Summary
rejecting the metropolitan sewer district's attempt to impose additional duties and authority on the circuit court of St. Louis, stating that superintending authority over circuit courts resides in the Supreme Court and "Article V clearly does not grant municipal corporations (like MSD) any authority to supervise or control circuit judges."
Summary of this case from State v. KinderOpinion
No. 76557.
April 22, 1994.
Ronnie White, Freeman Bosley, Edward J. Hanlon, James M. Byrne, Robert H. Grant, Jeffrey J. Kramer, St. Louis, for relators.
John E. Galvin, St. Louis, for respondents.
In 1954 the voters in St. Louis City and St. Louis County approved a Plan establishing a municipal corporation and political subdivision of the state, relator Metropolitan St. Louis Sewer District. "MSD" is the only entity created under authority of article VI, sections 30(a) and 30(b) of the Missouri Constitution. The MSD Plan provides for a board of six trustees — three appointed by the Mayor of St. Louis "with the approval of a majority of the judges of the circuit court in said City" and three appointed by the Supervisor of St. Louis County "with the approval of a majority of the judges of the circuit court in said county." This case resolves the constitutionality of these phrases.

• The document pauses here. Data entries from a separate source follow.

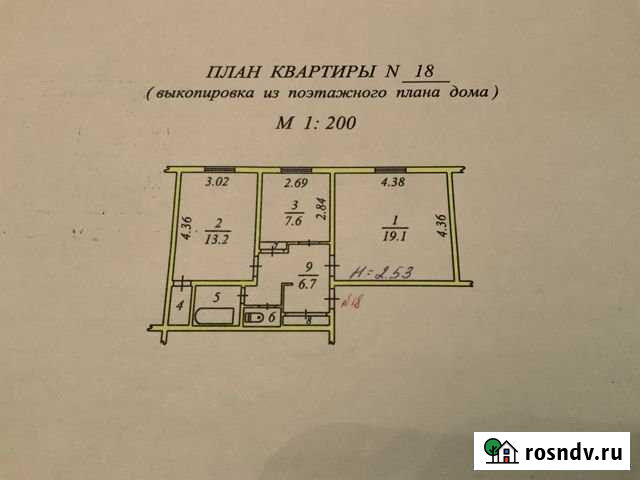 2-комнатная квартира, 52.1 м², 2/2 эт. на продажу в Салехарде Салехард - изображение 1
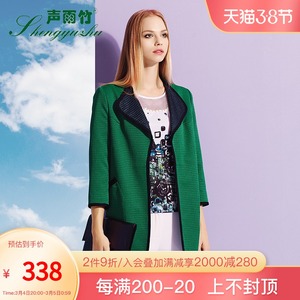 【声雨竹风衣女中长款】声雨竹风衣女中长款品牌,价格 - 阿里巴巴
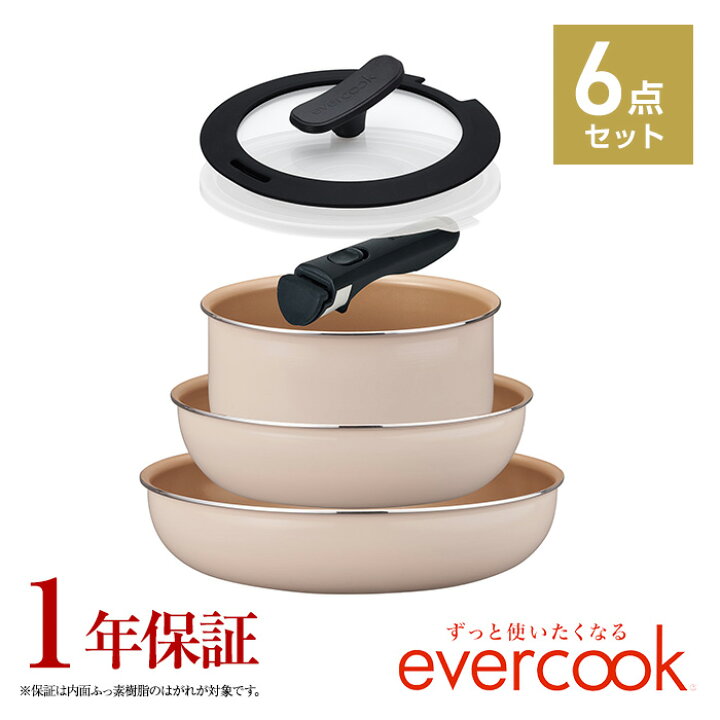 楽天市場】エバークック 着脱6点セット フライパンセット アイボリー 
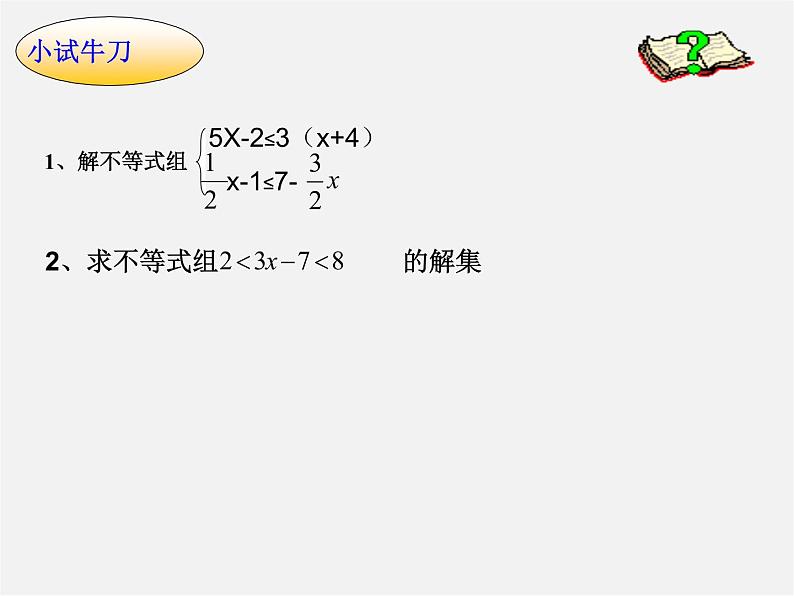 青岛初中数学八下《8.2一元一次不等式》PPT课件 (4)第8页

Section 5.010 of the Plan reads:
Section 5.010. Trustees-Number-Appointment-Term. — The Board shall consist of six members to be known as Trustees, three of whom shall be appointed by the Mayor of the City of St. Louis with the approval of a majority of the judges of the circuit court in said City and three of whom shall be appointed by the County Supervisor of St. Louis County with the approval of a majority of the judges of the circuit court in said County. Each Trustee shall be appointed for a term of four years, except that of the Trustees first appointed by said Mayor and County Supervisor, respectively, one shall be appointed for a term of two years and one for a term of three years. Each Trustee shall serve until his successor shall be appointed and qualified. Any vacancy in the Board shall be filled by said Mayor or County Supervisor, as the case may be, with approval as hereinabove provided, for the unexpired term. Not more than two Trustees appointed from said City or County, as the case may be, shall be affiliated with the same political party.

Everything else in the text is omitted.